What is needed: All entries below are to be retyped in full, precisely as they appear.

START Extracted information

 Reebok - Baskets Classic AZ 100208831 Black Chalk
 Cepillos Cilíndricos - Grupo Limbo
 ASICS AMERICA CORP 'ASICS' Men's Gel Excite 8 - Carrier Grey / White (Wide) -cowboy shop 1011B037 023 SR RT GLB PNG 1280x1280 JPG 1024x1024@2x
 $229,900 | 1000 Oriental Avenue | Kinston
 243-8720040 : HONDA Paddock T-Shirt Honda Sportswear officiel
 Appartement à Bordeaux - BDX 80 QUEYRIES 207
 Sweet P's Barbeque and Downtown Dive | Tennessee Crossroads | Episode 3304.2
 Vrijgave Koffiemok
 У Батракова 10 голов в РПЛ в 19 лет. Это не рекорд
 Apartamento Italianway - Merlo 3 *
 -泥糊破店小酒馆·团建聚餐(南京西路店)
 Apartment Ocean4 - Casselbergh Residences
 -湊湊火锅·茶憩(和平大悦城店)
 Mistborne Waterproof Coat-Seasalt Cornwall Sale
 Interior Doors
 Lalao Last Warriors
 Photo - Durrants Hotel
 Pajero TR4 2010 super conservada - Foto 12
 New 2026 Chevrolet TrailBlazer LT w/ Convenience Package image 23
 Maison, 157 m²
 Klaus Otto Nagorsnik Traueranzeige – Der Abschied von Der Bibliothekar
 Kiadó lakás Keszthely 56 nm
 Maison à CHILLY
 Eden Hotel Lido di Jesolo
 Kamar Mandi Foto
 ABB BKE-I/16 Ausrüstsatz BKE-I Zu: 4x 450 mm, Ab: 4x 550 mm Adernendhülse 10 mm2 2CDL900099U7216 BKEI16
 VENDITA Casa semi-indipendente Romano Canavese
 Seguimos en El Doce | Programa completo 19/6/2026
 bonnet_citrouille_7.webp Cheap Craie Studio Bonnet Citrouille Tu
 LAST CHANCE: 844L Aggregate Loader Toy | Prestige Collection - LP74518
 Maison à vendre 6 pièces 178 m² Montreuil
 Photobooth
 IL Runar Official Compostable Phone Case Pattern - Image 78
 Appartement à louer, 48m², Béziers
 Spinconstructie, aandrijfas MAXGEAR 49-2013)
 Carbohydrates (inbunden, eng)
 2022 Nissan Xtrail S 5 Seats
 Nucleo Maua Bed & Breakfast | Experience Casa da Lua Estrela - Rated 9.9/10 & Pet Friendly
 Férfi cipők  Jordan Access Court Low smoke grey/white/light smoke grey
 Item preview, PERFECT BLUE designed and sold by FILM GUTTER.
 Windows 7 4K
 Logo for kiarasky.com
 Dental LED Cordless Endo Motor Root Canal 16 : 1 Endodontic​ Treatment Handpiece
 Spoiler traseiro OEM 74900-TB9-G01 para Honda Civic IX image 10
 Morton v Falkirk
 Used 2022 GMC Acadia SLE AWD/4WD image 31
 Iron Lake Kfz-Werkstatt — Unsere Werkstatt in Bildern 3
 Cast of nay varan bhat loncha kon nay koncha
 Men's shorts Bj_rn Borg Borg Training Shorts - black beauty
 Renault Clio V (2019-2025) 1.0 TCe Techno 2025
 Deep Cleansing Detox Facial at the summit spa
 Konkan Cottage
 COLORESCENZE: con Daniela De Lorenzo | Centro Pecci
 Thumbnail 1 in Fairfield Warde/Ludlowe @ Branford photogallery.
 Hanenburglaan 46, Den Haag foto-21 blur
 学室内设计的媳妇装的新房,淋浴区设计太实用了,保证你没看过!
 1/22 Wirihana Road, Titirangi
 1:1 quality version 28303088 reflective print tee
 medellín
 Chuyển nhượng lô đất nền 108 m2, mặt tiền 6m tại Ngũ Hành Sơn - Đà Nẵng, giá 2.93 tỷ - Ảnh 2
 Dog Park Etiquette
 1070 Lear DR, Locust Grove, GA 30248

END Extracted information

Your response:
 Reebok - Baskets Classic AZ 100208831 Black Chalk
 Cepillos Cilíndricos - Grupo Limbo
 ASICS AMERICA CORP 'ASICS' Men's Gel Excite 8 - Carrier Grey / White (Wide) -cowboy shop 1011B037 023 SR RT GLB PNG 1280x1280 JPG 1024x1024@2x
 $229,900 | 1000 Oriental Avenue | Kinston
 243-8720040 : HONDA Paddock T-Shirt Honda Sportswear officiel
 Appartement à Bordeaux - BDX 80 QUEYRIES 207
 Sweet P's Barbeque and Downtown Dive | Tennessee Crossroads | Episode 3304.2
 Vrijgave Koffiemok
 У Батракова 10 голов в РПЛ в 19 лет. Это не рекорд
 Apartamento Italianway - Merlo 3 *
 -泥糊破店小酒馆·团建聚餐(南京西路店)
 Apartment Ocean4 - Casselbergh Residences
 -湊湊火锅·茶憩(和平大悦城店)
 Mistborne Waterproof Coat-Seasalt Cornwall Sale
 Interior Doors
 Lalao Last Warriors
 Photo - Durrants Hotel
 Pajero TR4 2010 super conservada - Foto 12
 New 2026 Chevrolet TrailBlazer LT w/ Convenience Package image 23
 Maison, 157 m²
 Klaus Otto Nagorsnik Traueranzeige – Der Abschied von Der Bibliothekar
 Kiadó lakás Keszthely 56 nm
 Maison à CHILLY
 Eden Hotel Lido di Jesolo
 Kamar Mandi Foto
 ABB BKE-I/16 Ausrüstsatz BKE-I Zu: 4x 450 mm, Ab: 4x 550 mm Adernendhülse 10 mm2 2CDL900099U7216 BKEI16
 VENDITA Casa semi-indipendente Romano Canavese
 Seguimos en El Doce | Programa completo 19/6/2026
 bonnet_citrouille_7.webp Cheap Craie Studio Bonnet Citrouille Tu
 LAST CHANCE: 844L Aggregate Loader Toy | Prestige Collection - LP74518
 Maison à vendre 6 pièces 178 m² Montreuil
 Photobooth
 IL Runar Official Compostable Phone Case Pattern - Image 78
 Appartement à louer, 48m², Béziers
 Spinconstructie, aandrijfas MAXGEAR 49-2013)
 Carbohydrates (inbunden, eng)
 2022 Nissan Xtrail S 5 Seats
 Nucleo Maua Bed & Breakfast | Experience Casa da Lua Estrela - Rated 9.9/10 & Pet Friendly
 Férfi cipők  Jordan Access Court Low smoke grey/white/light smoke grey
 Item preview, PERFECT BLUE designed and sold by FILM GUTTER.
 Windows 7 4K
 Logo for kiarasky.com
 Dental LED Cordless Endo Motor Root Canal 16 : 1 Endodontic​ Treatment Handpiece
 Spoiler traseiro OEM 74900-TB9-G01 para Honda Civic IX image 10
 Morton v Falkirk
 Used 2022 GMC Acadia SLE AWD/4WD image 31
 Iron Lake Kfz-Werkstatt — Unsere Werkstatt in Bildern 3
 Cast of nay varan bhat loncha kon nay koncha
 Men's shorts Bj_rn Borg Borg Training Shorts - black beauty
 Renault Clio V (2019-2025) 1.0 TCe Techno 2025
 Deep Cleansing Detox Facial at the summit spa
 Konkan Cottage
 COLORESCENZE: con Daniela De Lorenzo | Centro Pecci
 Thumbnail 1 in Fairfield Warde/Ludlowe @ Branford photogallery.
 Hanenburglaan 46, Den Haag foto-21 blur
 学室内设计的媳妇装的新房,淋浴区设计太实用了,保证你没看过!
 1/22 Wirihana Road, Titirangi
 1:1 quality version 28303088 reflective print tee
 medellín
 Chuyển nhượng lô đất nền 108 m2, mặt tiền 6m tại Ngũ Hành Sơn - Đà Nẵng, giá 2.93 tỷ - Ảnh 2
 Dog Park Etiquette
 1070 Lear DR, Locust Grove, GA 30248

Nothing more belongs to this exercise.